If host is present then the directory exists on host. (Default file: $BU_VAR/$D_SSH)
report
Usage:
$ME [-genopts] report [-d date]
Function:
Summarise logs to report on the last backups.
Options:
-d date
Report on all backups run on this date. Date is specified as yyyy.mm.dd
*NOT YET IMPLIMENTED*
diff
Usage:
$ME [-genopts] diff user
Function:
User related diff.
*NOT YET IMPLIMENTED*
"
[movearch]="Usage: $ME movearch (archname tofs | -f file)
Function:
Copy backup archives to another backup filesystem.
The backup archive archname is copied from: $BU_USERS/\$LASTTWO/\$archname
which is a soft link to its actual location at: \$FROMFS/\$LASTTWO/\$archname
to: \$tofs/\$LASTTWO/\$archname. If the copy is successfull, the soft link is adjusted to the new location.
Options:
archname The name of the specific archive to be moved This is usually of the form: 'username[.[0-9]]' tofs Full pathname of the destination filesystem
(eg: $BU_BACKUP/disks/3)
-f file Read file containing lines: 'archname tofs',
and copy and move each archive to tofs. Note: file of '-' will cause the script to read from STDIN.
Default: (no options or args) Read from STDIN. (ie: '-f -' )
Note:
This command does not change the recorded source of the archive. If you have moved the source of the archive (ie: the location of the user's home dir) from one home directory server/fs to another, then use the movesource command.
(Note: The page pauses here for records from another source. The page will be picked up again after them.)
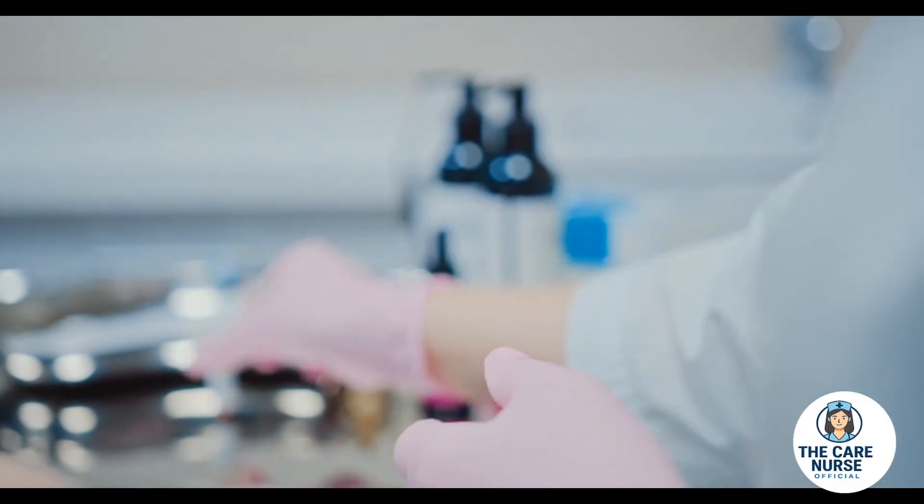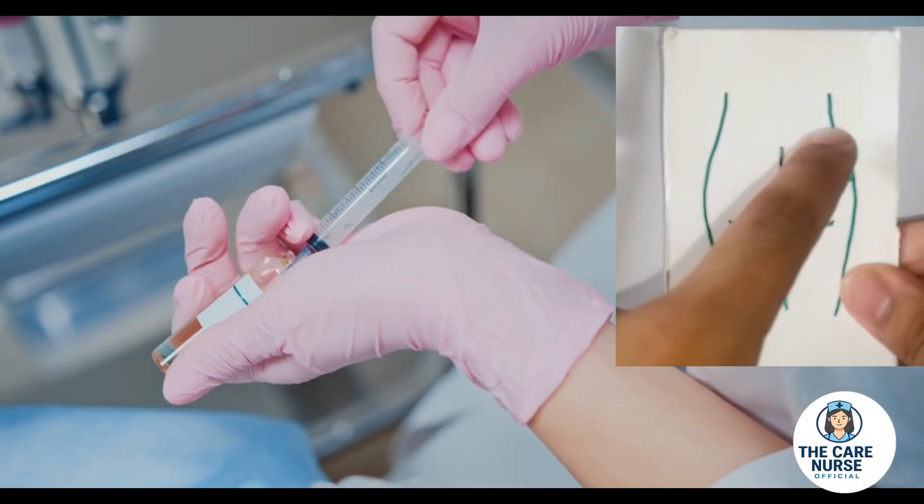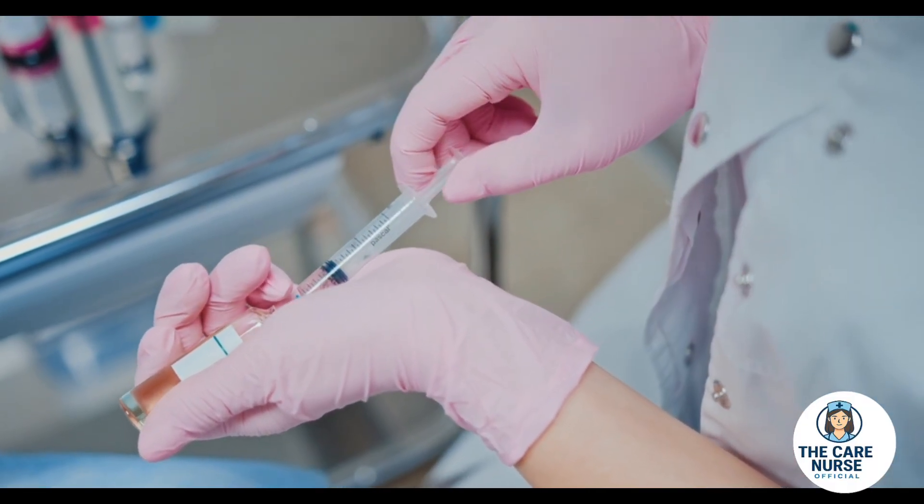For this demonstration, the selected site is the upper outer quadrant of the buttock, which is one of the common safe zones for intramuscular administration.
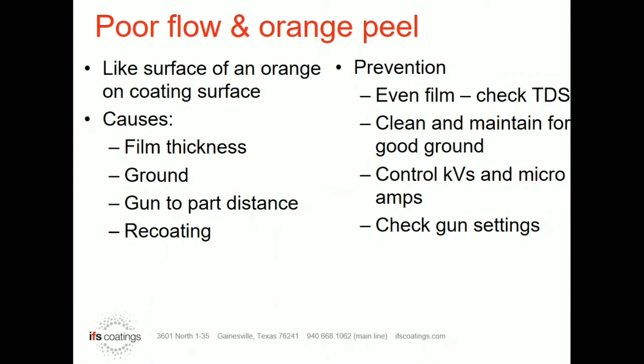The same thing goes for re-coating. Re-coating parts is essentially not having a good ground — you already have a coating there, so you don't have the ability to accept as much charge. Therefore, if you throw the same amount of KV and powder at it, you're probably going to create orange peel.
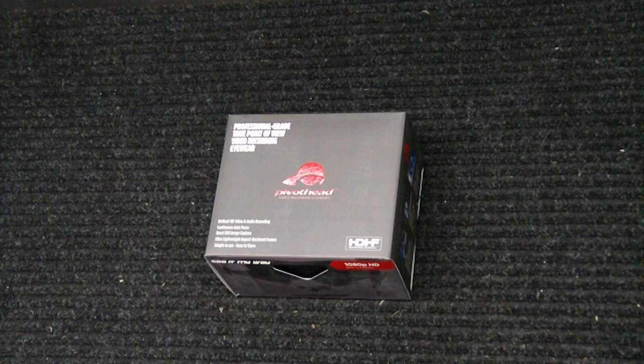Hey everybody, how you doing? Hint of Weapons back again with you. I got a cool little toy that came in the mail the other day and I thought I'd just do a quick unboxing and overview video for you.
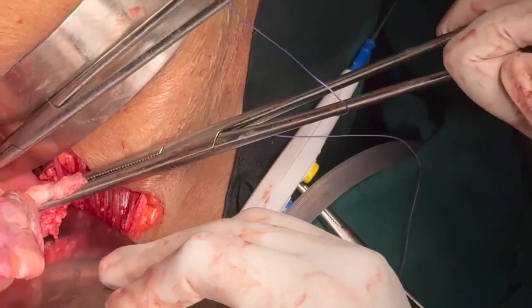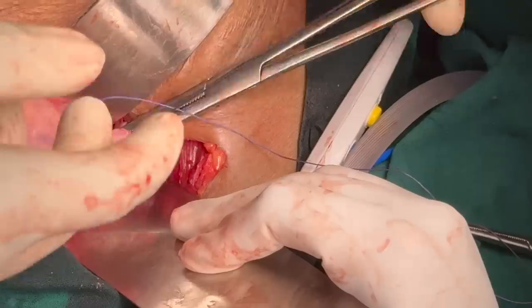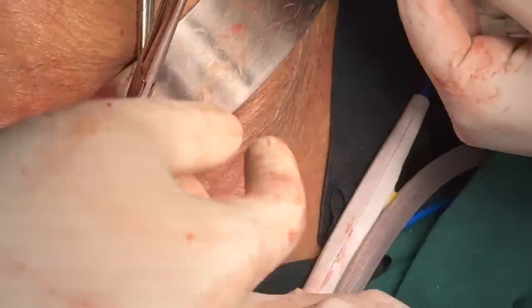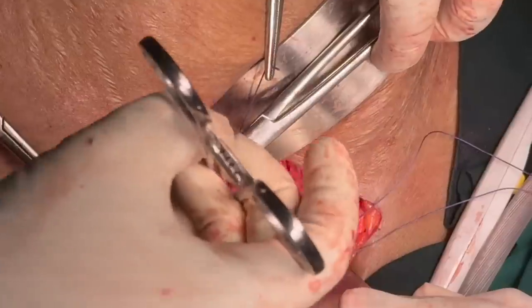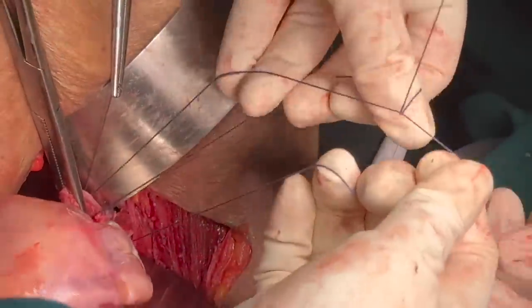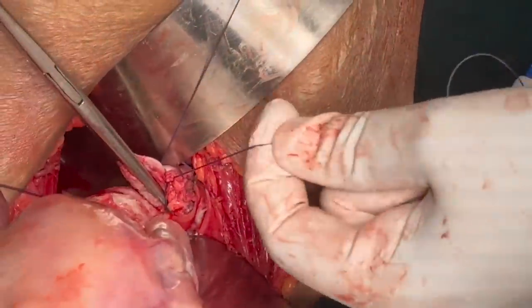Transfix it with vicryl number one — same transfixation suture — first bite at the tip, next bite at the junction of lower two-thirds and upper one-third. The suture should always come in the same direction: if the first time you passed the needle from posterior to anterior, the next time should also be posterior to anterior. For a transfixation suture the loop should come between the two metals — the first metal being the clamp and the second being the needle. If you follow this, your loop will fall exactly where it should and make a nice secure knot.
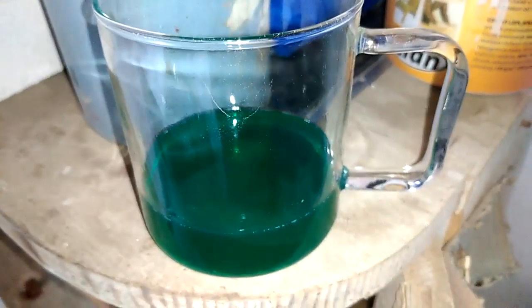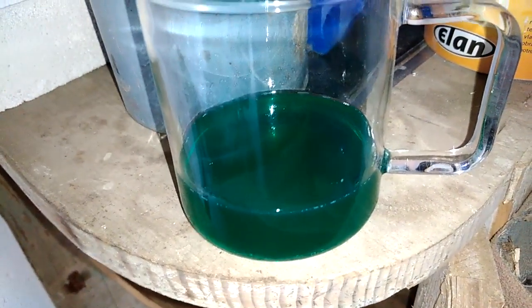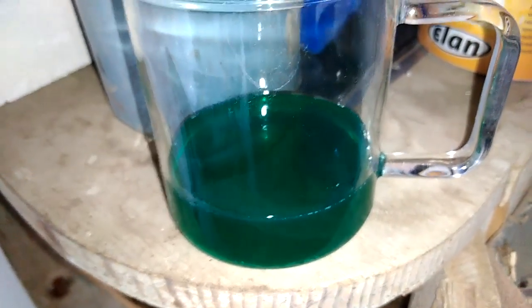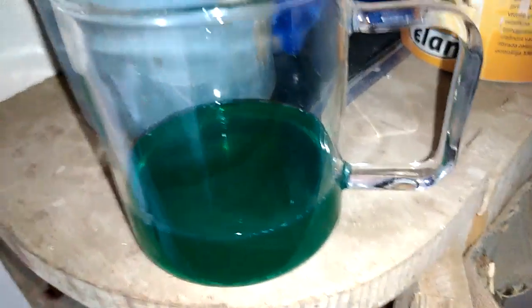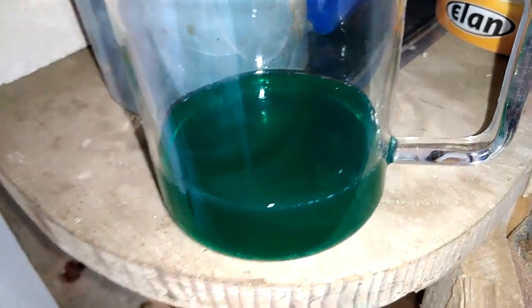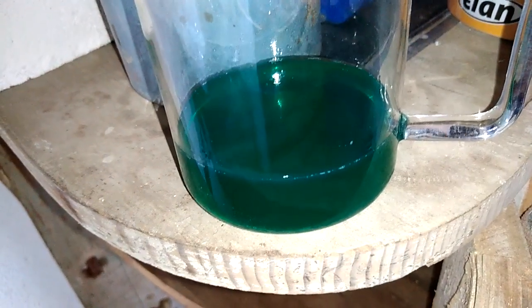Hey guys, in this little beaker I got the filtered solution from my fuses — these little silver fuses. Right now I will drop some — I got some table salt without iodine. I don't expect too much silver, just a little amount of silver chloride.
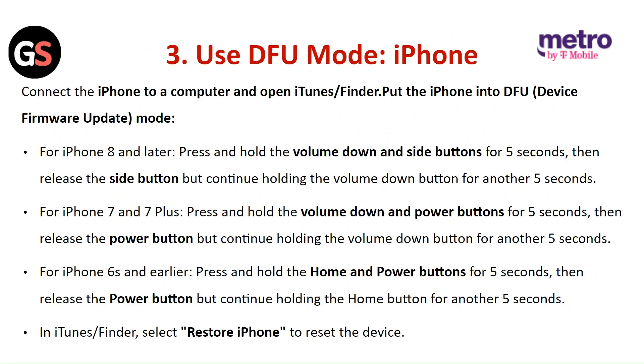To use DFU mode on iPhone, connect the iPhone to a computer and open iTunes or Finder. For iPhone 8 and later, press and hold the volume down and side button for 5 seconds, then release the side button but continue holding the volume down button for another 5 seconds. For iPhone 7 and 7 Plus, press and hold the volume down and power button for 5 seconds, then release the power button but continue holding the volume down button for another 5 seconds. For iPhone 6 and earlier, press and hold the home and power button for 5 seconds, then release the power button but continue holding the home button for another 5 seconds. In iTunes or Finder, select Restore iPhone to reset the device.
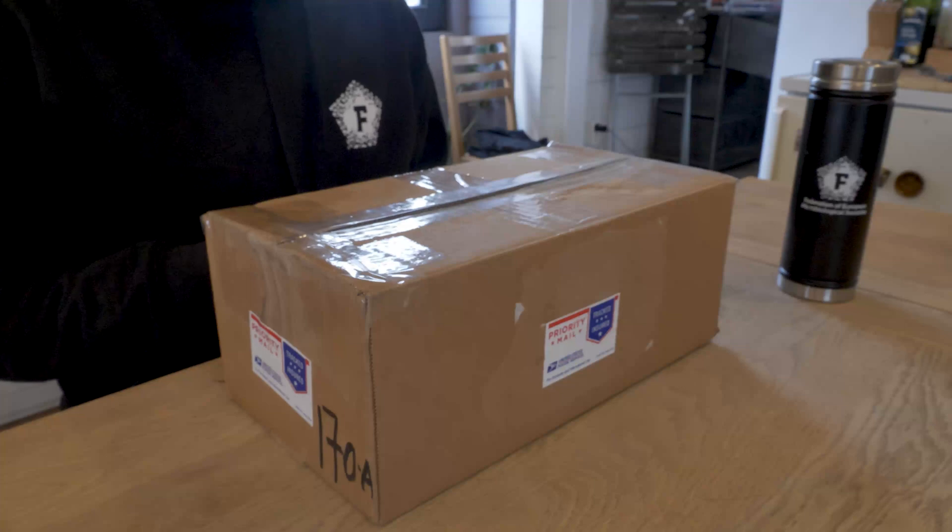So all the way from California we have this wonderful box, thanks to Bob Metcalfe. So if you're watching, we're glad to have this here. Okay, let's open the box.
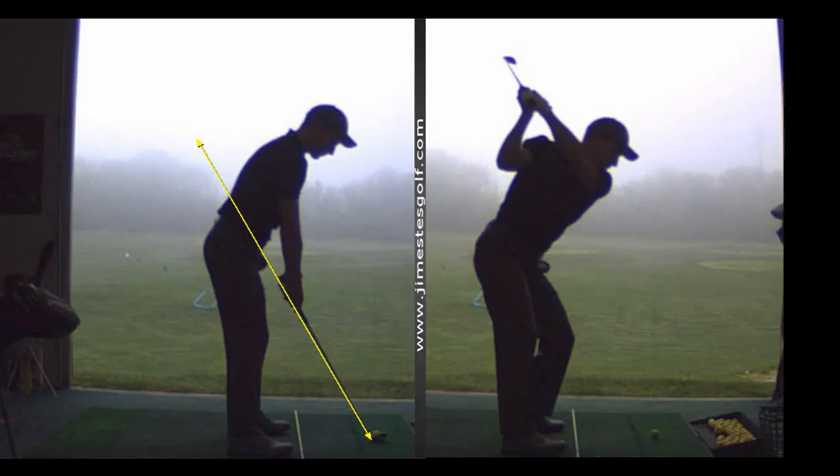The whole key is maintaining the angle in the left wrist all the way to the top of the swing. Your hands are still moving out, Adam — I don't like that. That gets the face shut. Try to hit your right thigh with your hands.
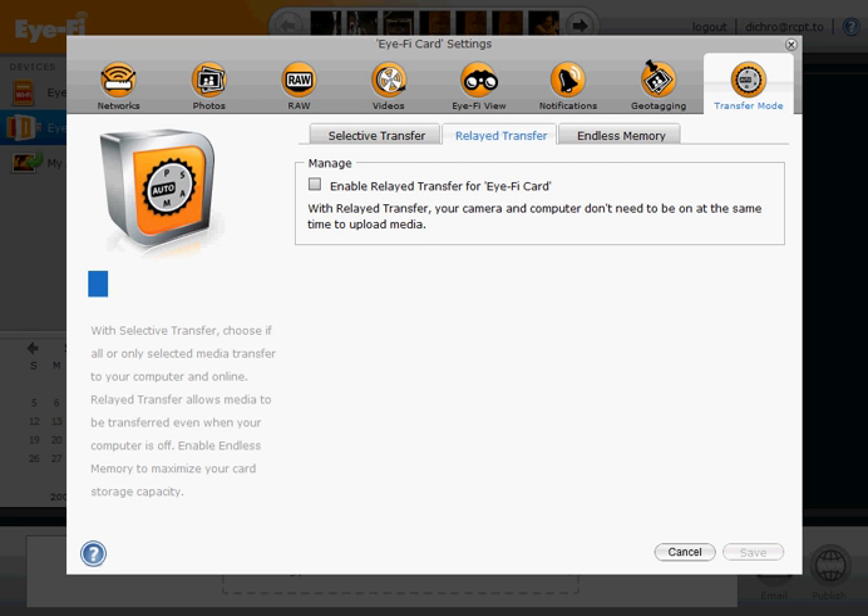Once you've saved those options, when you switch to Transfer Mode and Relayed Transfer, you'll see that you now have the option of enabling Relayed Transfer — but you don't want to set that. The point of this entire exercise is to get this screen into a state where you have a checkbox for Enable Relayed Transfer, and that checkbox is unchecked.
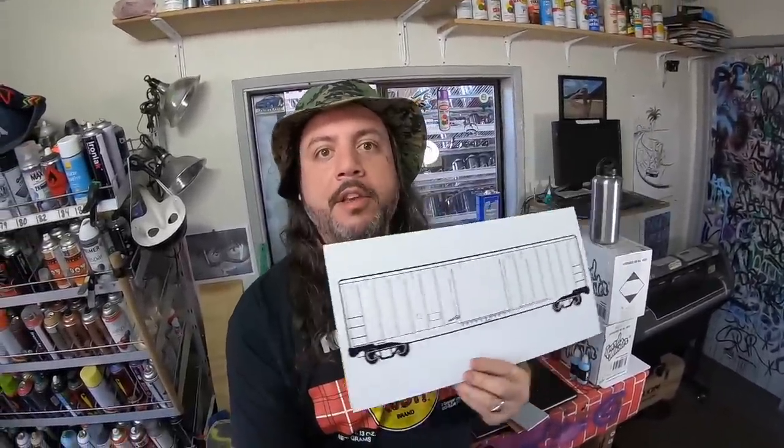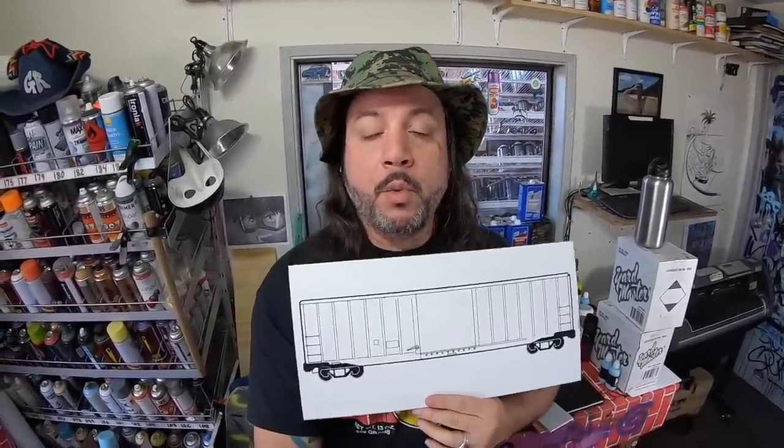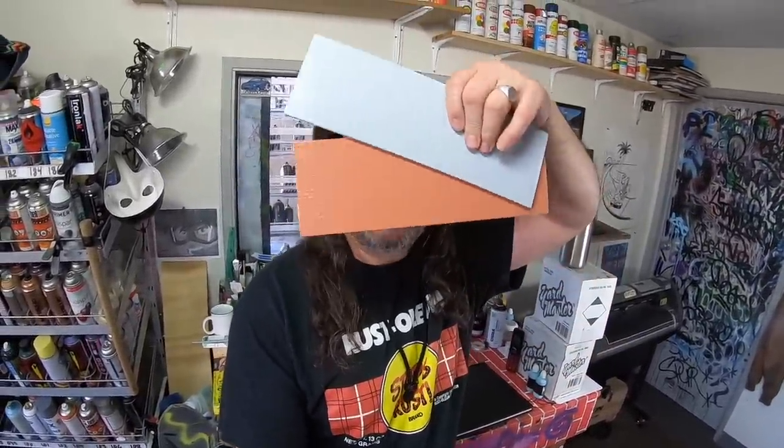First up, we got these new mini surfaces - check them out! These are little canvas boards with a cool image on them, like a freight train, a box truck, all that good stuff. We also got some other stuff in here too. Mini walls - these are going to be featured in the next video popping up right after this one. I've got two videos going on today. The long form video covers the mini walls, which are little brick walls made to put your graffiti art on.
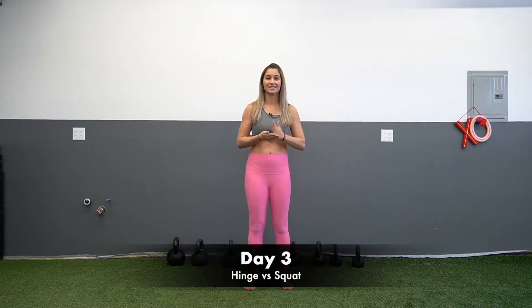Your next couple of videos are going to be about snatch prerequisites. What are the things that we have to have nailed down before we do that kettlebell snatch? Today we're going to talk about the squat versus the hinge — what that even means, how do we set it up, what do we do?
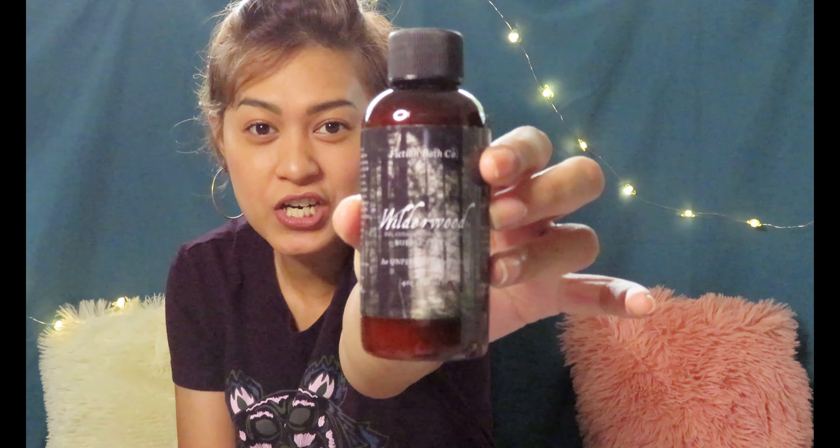Next up is another item from Fiction Bath Co. — I think for the past three months we've received items from them. This time it is a bubble elixir, and it's called Wild Wood. It smells woody — fig, cedar wood, and tree set — which makes sense given the name. I'm really looking forward to using this in June, first week of June, for my staycation bubble bath time.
See: '$ME -h movesource'
movesource
Usage:
$ME movesource user olddir newdir
Function:
Change the recorded source directory for a user's backup archive.
Details:
CSE Backup archives record their source directory in two places: (1) $BU_USERS/\$LASTTWO/\$username[.n]/$BU_SOURCEDIR
This record is maintained by '$ME'.
(2) In each retention level archive pathname: $BU_USERS/\$LASTTWO/\$username[.n]/daily.N/\$username/\$source_dir/ This source_dir pathname is maintained by 'rsnapshot'.
Use:
Run this command when a user's home (or other directory) has had its pathname changed in any way, either because: (a) Some directories in the pathname were renamed (but the contents were not physically relocated), or (b) The directory and its contents were relocated/copied from one disk server's file system to another, resulting in a pathname change.
Example:
$ME movesource zain /import/kamen/1/zain /import/glass/A/zain
Note:
This command only changes the archive source records in (1) and (2) above. (a) or (b) are expected to be done separately elsewhere.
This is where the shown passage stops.